From The Collaborative International Dictionary of English v.0.48 :

  Tacking \Tack"ing\, n. (Law)
     A union of securities given at different times, all of which
     must be redeemed before an intermediate purchaser can
     interpose his claim. --Bouvier.
     [1913 Webster]
     Note: The doctrine of tacking is not recognized in American
           law. --Kent.
           [1913 Webster]

From WordNet (r) 3.0 (2006) :

      n 1: a loose temporary sewing stitch to hold layers of fabric
           together [syn: baste, basting, basting stitch,
      2: (nautical) the act of changing tack [syn: tack, tacking]
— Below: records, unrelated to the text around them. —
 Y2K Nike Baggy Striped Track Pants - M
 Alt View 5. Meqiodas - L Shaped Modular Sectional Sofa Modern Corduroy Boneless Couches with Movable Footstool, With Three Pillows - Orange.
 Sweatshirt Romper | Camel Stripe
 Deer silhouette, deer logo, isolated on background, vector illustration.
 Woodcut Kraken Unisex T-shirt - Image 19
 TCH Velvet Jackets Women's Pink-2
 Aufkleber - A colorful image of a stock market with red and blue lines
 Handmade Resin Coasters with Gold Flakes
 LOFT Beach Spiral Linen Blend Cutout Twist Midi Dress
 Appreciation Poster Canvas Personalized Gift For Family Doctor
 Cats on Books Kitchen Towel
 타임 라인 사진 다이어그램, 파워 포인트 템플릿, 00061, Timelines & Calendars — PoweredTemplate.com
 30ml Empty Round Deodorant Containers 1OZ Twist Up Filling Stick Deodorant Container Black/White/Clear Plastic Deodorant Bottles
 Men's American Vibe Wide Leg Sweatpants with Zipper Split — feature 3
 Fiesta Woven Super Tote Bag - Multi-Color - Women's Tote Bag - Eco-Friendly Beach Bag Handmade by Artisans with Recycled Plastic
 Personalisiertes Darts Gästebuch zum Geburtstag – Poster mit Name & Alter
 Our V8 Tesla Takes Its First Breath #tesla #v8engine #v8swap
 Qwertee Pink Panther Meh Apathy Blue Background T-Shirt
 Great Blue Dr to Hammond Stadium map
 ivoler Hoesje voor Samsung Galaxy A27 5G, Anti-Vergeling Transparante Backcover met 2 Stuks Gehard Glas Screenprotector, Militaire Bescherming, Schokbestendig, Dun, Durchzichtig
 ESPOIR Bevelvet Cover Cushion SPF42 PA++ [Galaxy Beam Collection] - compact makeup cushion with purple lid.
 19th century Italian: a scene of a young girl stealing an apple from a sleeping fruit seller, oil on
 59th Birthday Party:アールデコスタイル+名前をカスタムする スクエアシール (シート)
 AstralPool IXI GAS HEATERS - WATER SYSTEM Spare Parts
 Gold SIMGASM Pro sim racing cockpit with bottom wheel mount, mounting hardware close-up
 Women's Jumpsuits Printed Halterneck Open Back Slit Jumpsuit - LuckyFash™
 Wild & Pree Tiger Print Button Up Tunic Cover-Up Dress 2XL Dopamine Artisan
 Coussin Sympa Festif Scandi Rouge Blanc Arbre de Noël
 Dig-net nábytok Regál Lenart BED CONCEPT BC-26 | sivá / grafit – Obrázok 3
From Bouvier's Law Dictionary, Revised 6th Ed (1856) :

  TACKING, Eng. law. The union of securities given at different times, so as 
  to prevent any intermediate purchasers claiming title to redeem, or 
  otherwise discharge one lien, which is prior, without redeeming or 
  discharging other liens also, which are subsequent to his own title. Jer. 
  Eq. Jur. B. 1, c. 2, Sec. 1, p. 188 to 191; 1 Story, Eq. Jur. Sec. 412. 
       2. It is an established doctrine in the English chancery that a bona 
  fide purchaser and without any notice of a defect in his title at the time 
  of the purchase, may lawfully buy any statute, mortgage, or encumbrance, and 
  if he can defend by those at law, his adversary shall have no help in equity 
  to set those encumbrances aside, for equity will not disarm such a 
  purchaser. And as mortgagees are considered in equity as purchasers pro 
  tanto, the same doctrine has extended to them, and a mortgagee who has 
  advanced his money without notice of any prior encumbrance, may, by getting 
  an assignment of a statute, judgment, or recognizance, protect himself from 
  any encumbrance subsequent to such statute, judgment or recognizance, though 
  prior to his mortgage; that is, he will be allowed to tack or unite his 
  mortgage to such old security, and will by that means be entitled to recover 
  all moneys for which such security was given, together with the money due on 
  his mortgage, before the prior. mortgagees are entitled to recover anything. 
  2 Fonb. Eq. 306; 2 Cruise, t. 15, c. 5, s. 27; Powell on Morg. Index, h.t.; 
  1 Vern. 188; 8 Com. Dig. 953; Madd. Ch. Index, h.t. 
       3. This doctrine is inconsistent with the laws of the several states, 
  which require the recording of mortgages. Caines' Cas. Er. 112; 1 Hop. C. R. 
  231; 3 Pick. 50; 2 Pick. 517. 
       4. The doctrine of tacking seems to have been acknowledged in the civil 
  law, Code, 8, 27, 1; but see Dig. 13, 7, 8; and see 7 Toull. 110. But this 
  tacking could not take place to the injury of intermediate encumbrancers. 
  Story on Eq. Sec. 1010, and the authorities cited in the note.